_DIRECTIONS:_ All lines from the first line of the material up to and including the line with "Chevrolet Express 3500" must be copied exactly, and no others.

======== DATA TO USE ========

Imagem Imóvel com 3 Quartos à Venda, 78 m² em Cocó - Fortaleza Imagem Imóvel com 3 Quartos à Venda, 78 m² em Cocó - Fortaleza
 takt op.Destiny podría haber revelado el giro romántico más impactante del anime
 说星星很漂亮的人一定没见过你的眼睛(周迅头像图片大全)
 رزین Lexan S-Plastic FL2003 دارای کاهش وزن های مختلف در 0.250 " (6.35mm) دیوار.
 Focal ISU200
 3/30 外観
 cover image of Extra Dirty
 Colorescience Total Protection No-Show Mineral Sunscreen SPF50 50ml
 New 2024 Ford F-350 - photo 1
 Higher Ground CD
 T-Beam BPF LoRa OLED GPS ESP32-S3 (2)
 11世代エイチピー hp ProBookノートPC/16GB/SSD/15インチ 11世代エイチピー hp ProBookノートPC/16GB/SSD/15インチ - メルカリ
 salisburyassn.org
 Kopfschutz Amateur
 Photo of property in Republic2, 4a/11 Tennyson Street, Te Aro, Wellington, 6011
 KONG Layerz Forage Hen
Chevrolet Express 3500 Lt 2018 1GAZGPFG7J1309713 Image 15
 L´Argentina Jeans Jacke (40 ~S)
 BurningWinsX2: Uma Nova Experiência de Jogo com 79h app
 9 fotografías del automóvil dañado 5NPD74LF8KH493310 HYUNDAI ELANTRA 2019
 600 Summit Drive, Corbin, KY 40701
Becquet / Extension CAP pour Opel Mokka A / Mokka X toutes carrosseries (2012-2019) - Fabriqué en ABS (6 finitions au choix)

========

_EXERCISE RESULT:_
Imagem Imóvel com 3 Quartos à Venda, 78 m² em Cocó - Fortaleza Imagem Imóvel com 3 Quartos à Venda, 78 m² em Cocó - Fortaleza
 takt op.Destiny podría haber revelado el giro romántico más impactante del anime
 说星星很漂亮的人一定没见过你的眼睛(周迅头像图片大全)
 رزین Lexan S-Plastic FL2003 دارای کاهش وزن های مختلف در 0.250 " (6.35mm) دیوار.
 Focal ISU200
 3/30 外観
 cover image of Extra Dirty
 Colorescience Total Protection No-Show Mineral Sunscreen SPF50 50ml
 New 2024 Ford F-350 - photo 1
 Higher Ground CD
 T-Beam BPF LoRa OLED GPS ESP32-S3 (2)
 11世代エイチピー hp ProBookノートPC/16GB/SSD/15インチ 11世代エイチピー hp ProBookノートPC/16GB/SSD/15インチ - メルカリ
 salisburyassn.org
 Kopfschutz Amateur
 Photo of property in Republic2, 4a/11 Tennyson Street, Te Aro, Wellington, 6011
 KONG Layerz Forage Hen
Chevrolet Express 3500 Lt 2018 1GAZGPFG7J1309713 Image 15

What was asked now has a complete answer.